Furios: das Musical „Swinging Berlin“ im Theater am Kurfürstendamm

Als die Bomben fallen, hat die Stimmung gerade ihren Höhepunkt erreicht. Die Musik knistert und rauscht, sie kommt aus einem Volksempfänger und stammt von der BBC. Der Alkohol ist hochprozentig, so genannter „Lurch-Likör“, aus dem Naturkundemuseum geklaut. Swingtanz im Luftschutzbunker: ein ultimatives Vergnügen. Dann gehen die Synkopen des Bigbandjazz in das Dröhnen der herabfallenden Bomben über, das Licht flackert, Staub rieselt herab. Die Tänzer verwandeln sich in Gespenster, sie marschieren im Gleichschritt, skandieren Parolen: „Volk ohne Raum“, „Wollt ihr den totalen Krieg?“, „Tod dem Bolschewismus!“. Aus dem Partyvölkchen wird wieder der Teil einer Volksgemeinschaft, klaglos funktionierende Automatenmenschen. Die Flucht in den Hedonismus: im Winter des Jahres 1941 eine Illusion.

„Swinging Berlin – Tanzen verboten“ handelt vom Unangepasstsein in angepassten Zeiten. Die Protagonisten des Musicals, das bei seiner Premiere im Theater am Kurfürstendamm zu Recht gefeiert wurde, fallen schon durch ihr abweichendes Äußeres auf. Sie tragen übergroße Jacketts und Schiebermützen, ihre Haare fallen unsoldatisch ins Gesicht. Sie verabscheuen Marika Rökk und ihren völkischen Foxtrott, „treudeutsch“ ist für sie ein Schimpfwort. Jazz war im Dritten Reich verfemt, Schwarze hatten ihn erfunden, deshalb galt er als entartete Untermenschenmusik. Sich zu dieser Kultur, die aus Amerika und England stammte, zu bekennen, war noch kein Akt des Widerstands. Es ging eher um jugendliche Lust an der Rebellion, die Swing-Kids beharrten auf ihrem Individualismus. Das brachte sie mitunter ins KZ. Eine Revue, die in dieser Abgrund-Situation angesiedelt ist, kann deshalb kein richtiges Happyend haben, bestenfalls ein halbes.

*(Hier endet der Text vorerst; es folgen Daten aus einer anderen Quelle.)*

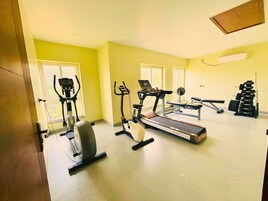 Un gimnasio en casa con equipo de cardio, una banca para pesas y un estante con mancuernas.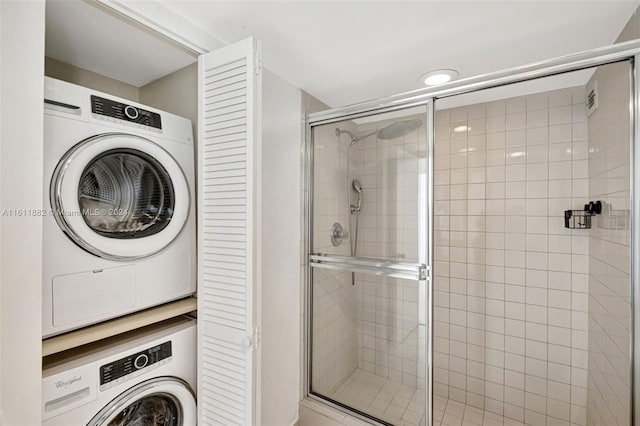 clothes washing area with stacked washer and dryer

Mit „Swinging Berlin“ kehrt der frühere Theater-des-Westens-Intendant Helmut Baumann nach Berlin zurück. Das Stück lief mit dem Titel „Swinging St. Pauli“ bereits erfolgreich in Hamburg, für Berlin wurde es passgenau umgearbeitet. Es spielt in „Leos Bar“, dem Treffpunkt einer Clique von Swing-Enthusiasten. Eine Bar mit diesem Namen hat tatsächlich existiert, sie befand sich im Mendelsohn-Bau am Lehniner Platz und wurde 1943 von den Nazis geschlossen.

„Swinging Berlin“ ist so versiert wie liebevoll gemachtes Musiktheater, die an selige TdW-Vergangenheit gemahnende Ausstattung scheint beinahe die Bühne zu sprengen. „Leos Bar“ ist ein eleganter Art-Deco-Tempel, vom Bühnenbildner Mathias Fischer-Dieskau zweigeschossig hingezaubert. An der Bar empfängt der Gastronom, den Baumann selber spielt, seine Gäste, im Obergeschoss hockt die Hausband, ein achtköpfiges Miniaturorchester. Dazwischen befindet sich eine Showtreppe, Swing-Cat Alberta (Eva-Maria Grein) singt hier „If you find a good man“ und hat dabei fast einen Auftritt wie Rita Hayworth in „Gilda“. Später wird aus der Treppe eine Brücke am Landwehrkanal, an der sich Emma (Katja Uhlig), eine versteckte Jüdin, mit ihrem Freund (Julian Schmidt) zum lebensgefährlichen Rendezvous verabredet hat.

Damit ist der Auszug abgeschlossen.